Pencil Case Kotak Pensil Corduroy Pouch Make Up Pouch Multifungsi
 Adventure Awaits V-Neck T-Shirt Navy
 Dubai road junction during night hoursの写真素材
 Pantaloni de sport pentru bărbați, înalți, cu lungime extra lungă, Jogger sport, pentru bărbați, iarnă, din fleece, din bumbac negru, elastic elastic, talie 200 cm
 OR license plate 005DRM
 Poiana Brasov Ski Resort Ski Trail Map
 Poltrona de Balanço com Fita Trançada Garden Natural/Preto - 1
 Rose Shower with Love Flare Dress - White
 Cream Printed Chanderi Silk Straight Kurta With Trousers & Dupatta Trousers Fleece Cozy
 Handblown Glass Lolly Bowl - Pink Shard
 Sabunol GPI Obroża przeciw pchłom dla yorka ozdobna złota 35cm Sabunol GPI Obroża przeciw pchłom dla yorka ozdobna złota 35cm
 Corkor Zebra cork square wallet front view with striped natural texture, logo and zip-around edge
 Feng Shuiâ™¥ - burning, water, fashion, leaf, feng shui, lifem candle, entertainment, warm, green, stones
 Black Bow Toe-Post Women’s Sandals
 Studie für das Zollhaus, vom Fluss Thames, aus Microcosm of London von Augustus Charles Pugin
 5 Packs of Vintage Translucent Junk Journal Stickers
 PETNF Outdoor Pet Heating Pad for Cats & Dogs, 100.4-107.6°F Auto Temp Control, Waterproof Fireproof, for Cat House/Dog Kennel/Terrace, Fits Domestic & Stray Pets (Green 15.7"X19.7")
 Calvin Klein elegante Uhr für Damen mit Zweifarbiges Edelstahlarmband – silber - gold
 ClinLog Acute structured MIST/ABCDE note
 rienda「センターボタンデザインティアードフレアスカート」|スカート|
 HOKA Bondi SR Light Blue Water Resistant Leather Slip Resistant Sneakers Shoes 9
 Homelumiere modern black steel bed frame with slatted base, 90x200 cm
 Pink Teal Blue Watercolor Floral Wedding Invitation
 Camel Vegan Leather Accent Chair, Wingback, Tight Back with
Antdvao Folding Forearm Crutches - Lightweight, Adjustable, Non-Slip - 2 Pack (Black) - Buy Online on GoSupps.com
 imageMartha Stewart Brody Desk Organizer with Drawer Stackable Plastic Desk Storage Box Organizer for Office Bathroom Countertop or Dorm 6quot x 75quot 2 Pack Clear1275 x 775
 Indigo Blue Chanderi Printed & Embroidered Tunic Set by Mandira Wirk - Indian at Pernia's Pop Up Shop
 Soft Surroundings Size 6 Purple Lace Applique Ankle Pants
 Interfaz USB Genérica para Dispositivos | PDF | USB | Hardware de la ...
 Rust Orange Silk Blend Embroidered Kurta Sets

•••••

Copy each line of the listing above that includes the word "Leather".

• [Answer to this exercise]:
 HOKA Bondi SR Light Blue Water Resistant Leather Slip Resistant Sneakers Shoes 9
 Camel Vegan Leather Accent Chair, Wingback, Tight Back with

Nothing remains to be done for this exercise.